Showing posts with label names and personal data. Show all posts
Showing posts with label names and personal data. Show all posts

Wednesday, September 5, 2012

Can we supplement Social Security with junk mail?

More on this concept later but it is important to note first that, according to a new Associated Press-GfK poll on public attitudes about Social Security, “…53 percent of adults said they would rather raise taxes than cut benefits for future generations.”  Keep in mind that this is today’s adults thinking about their kids and grandchildren.  There are 36% that would cut benefits and most of us would agree that are the radical conservatives, including primarily the Tea Party.

To help balance the SS budget, another “…53 percent said they would raise the retirement age, while 35 percent said they would cut monthly payments.”  Because many low income seniors depend entirely on SS as their sole means of income, an across the board cut here would not be fair.  But Social Security is one of those American institutions that we have come to expect; sorta like setting a legal precedent that guides a court in their decisions.

Now the GOP would have us believe there are ways to play with SS and make it better.  Republican supposed genius, V.P. contender Paul Ryan, presented a plan in 2005 to privatize Social Security in a way that brought such a colossal price tag that even the Bush administration called it “irresponsible.”  Further, he wants to reduce the amount of money paid out overtime leaving seniors in the lurch when costs go up.  All because of a refusal to raise taxes on the wealthy.

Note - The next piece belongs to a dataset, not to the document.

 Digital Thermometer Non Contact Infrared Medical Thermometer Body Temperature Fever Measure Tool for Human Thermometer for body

47% said they trust President Obama to handle SS better than Mitt Romney at 44%.  Although Romney is against raising taxes on the higher incomes, he is for slowing the growth of benefits for those with higher incomes.  In 2008 Obama said he would raise the level on Social Security payroll tax from $110,100 to $250,000.  It is obvious that what is needed is a combination of increased taxes with program adjustments, and perhaps some limitation of benefits. 

The Young Turks on Social Security one year ago:

Only 20% of young adults (those under 35) think that SS will be there for them when they retire.  And this is where that wild idea of mind came into being some seven to eight years ago that we could supplement Social Security income in the future using some of the profits the junk mail list industry makes from the sale of your name and personal data.  I know this because I spent 35 years in junk mail selling you name and private information making a lot of money.

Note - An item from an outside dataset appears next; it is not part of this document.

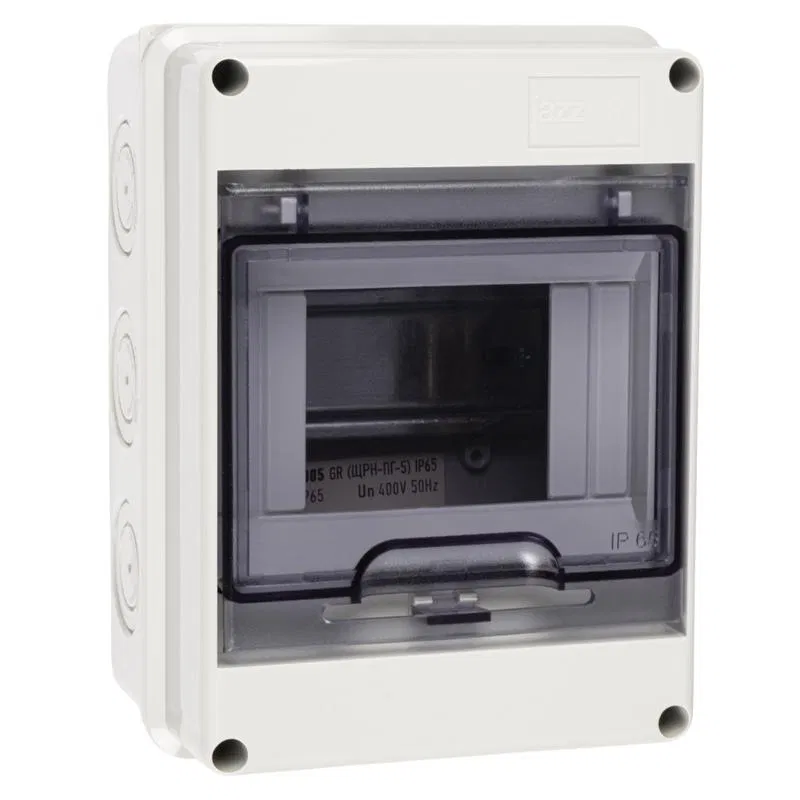 Бокс модульный накладной PDB/W 4005 GR (ЩРН-ПГ- 5) IP65 пластик. Pro JazzWay 5072053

By my estimates—and this is because junk mailers refuse to release to the public just how much they make from what should be your personal property—the list industry grosses over $4 billion every year from you name and personal data.  I came up with a formula back in 2004 to determine what would happen if one-half of that $4 billion was placed in a simple interest-bearing account in the early stages of your working career that you could tap at age 65.

The outcome was that junk mail shoppers could supplement their retirement income by an average of $607 per month.  Since a majority of Americans do buy regularly through mail order, they would automatically enrolled in the program.  Plus, when the advantages of this program were noted by the balance of the population, junk mailers would naturally add new customers.  Those people remaining would then be more manageable for the feds.

In 2008, nearly 40% of retirees received their income from Social Security.  Maybe it is this group where junk mail supplement should be most applied, using some kind of formulation for fairness.  Another 19% have pensions and annuities, 23.7% from earnings, 15.4% from other assets such as IRAs.  However, in low-income households, 87.6 of their income came from Social Security, another profile the junk mail supplement should favor.

In all cases, high incomes and the wealthy would be eliminated from receiving the supplements.  These conditions combined would easily increase the $607 monthly figure for others.  

FDR signs SS Act in 1934
What we have agreed on here is the fact that we want to save Social Security and most of us prefer that it stays close to its current format.  Yes, we have to attack the two biggest drains on the economy, SS and Medicare, but we don’t have to take a scalpel to it as the GOP would have us do.  A junk mail supplement may be a far out answer to the problem but, then, Social Security was considered unparalleled when FDR signed the SS Act in 1934.